### Exercise objective
All of the data below should be set down again verbatim, without any images.
╭─ Information shown
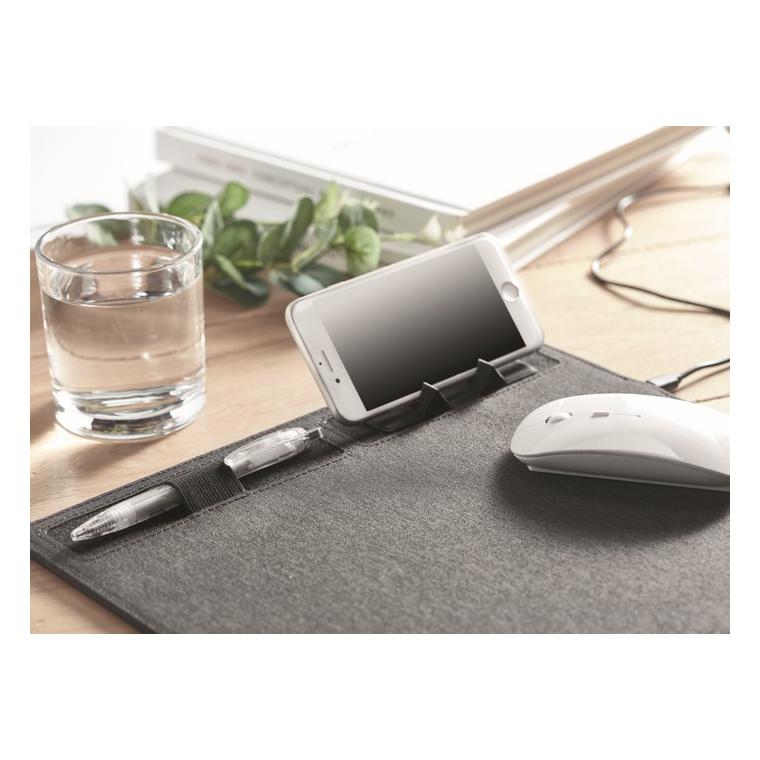 RPET mousepad cu încărcător 15W SUPERPAD Gri închis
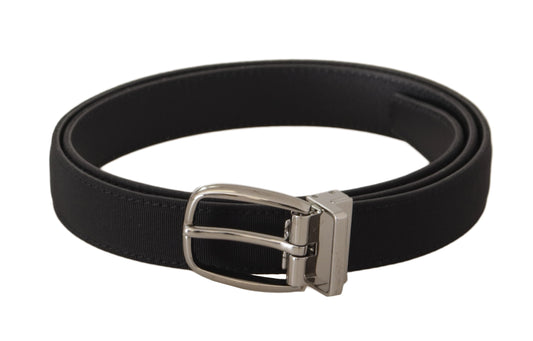 Cinturón Dolce & Gabbana de lona negra de becerro con logo metálico plateado
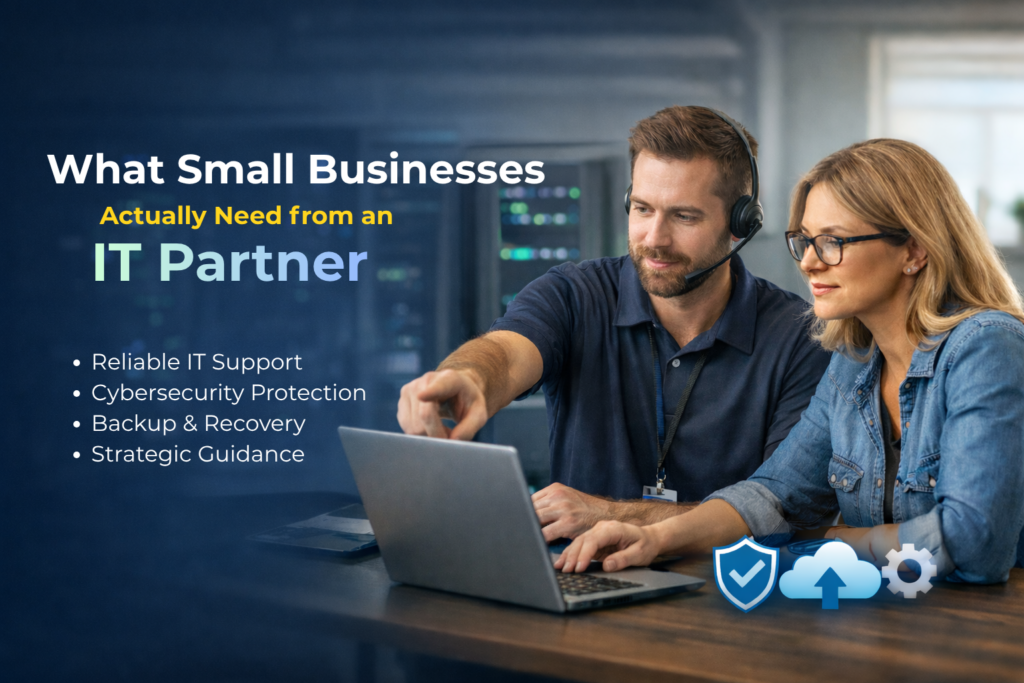IT support for small business illustration showing an IT professional assisting a business owner with cybersecurity, backup, and technical support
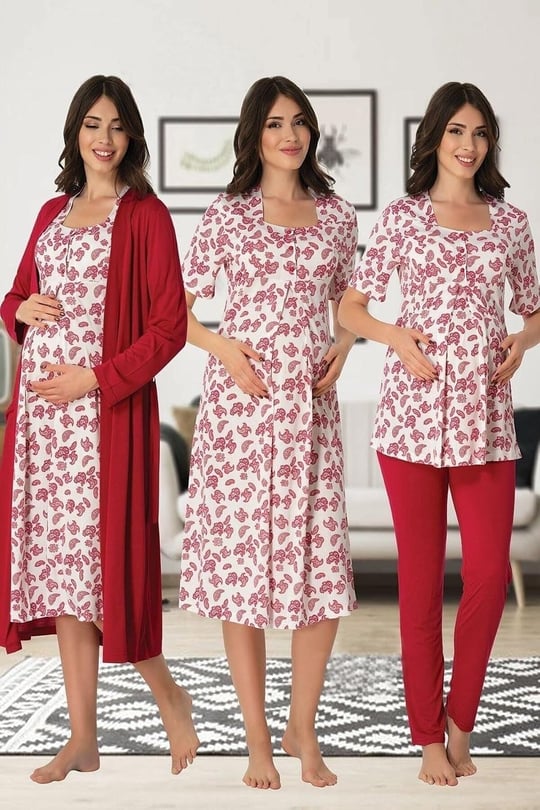 Kadın Gri Hamile Lohusa Sabahlıklı Gecelik Ve Pijama Takımı 4lü Set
╰─
### Response to this task
 RPET mousepad cu încărcător 15W SUPERPAD Gri închis
 Cinturón Dolce & Gabbana de lona negra de becerro con logo metálico plateado
IT support for small business illustration showing an IT professional assisting a business owner with cybersecurity, backup, and technical support
 Kadın Gri Hamile Lohusa Sabahlıklı Gecelik Ve Pijama Takımı 4lü Set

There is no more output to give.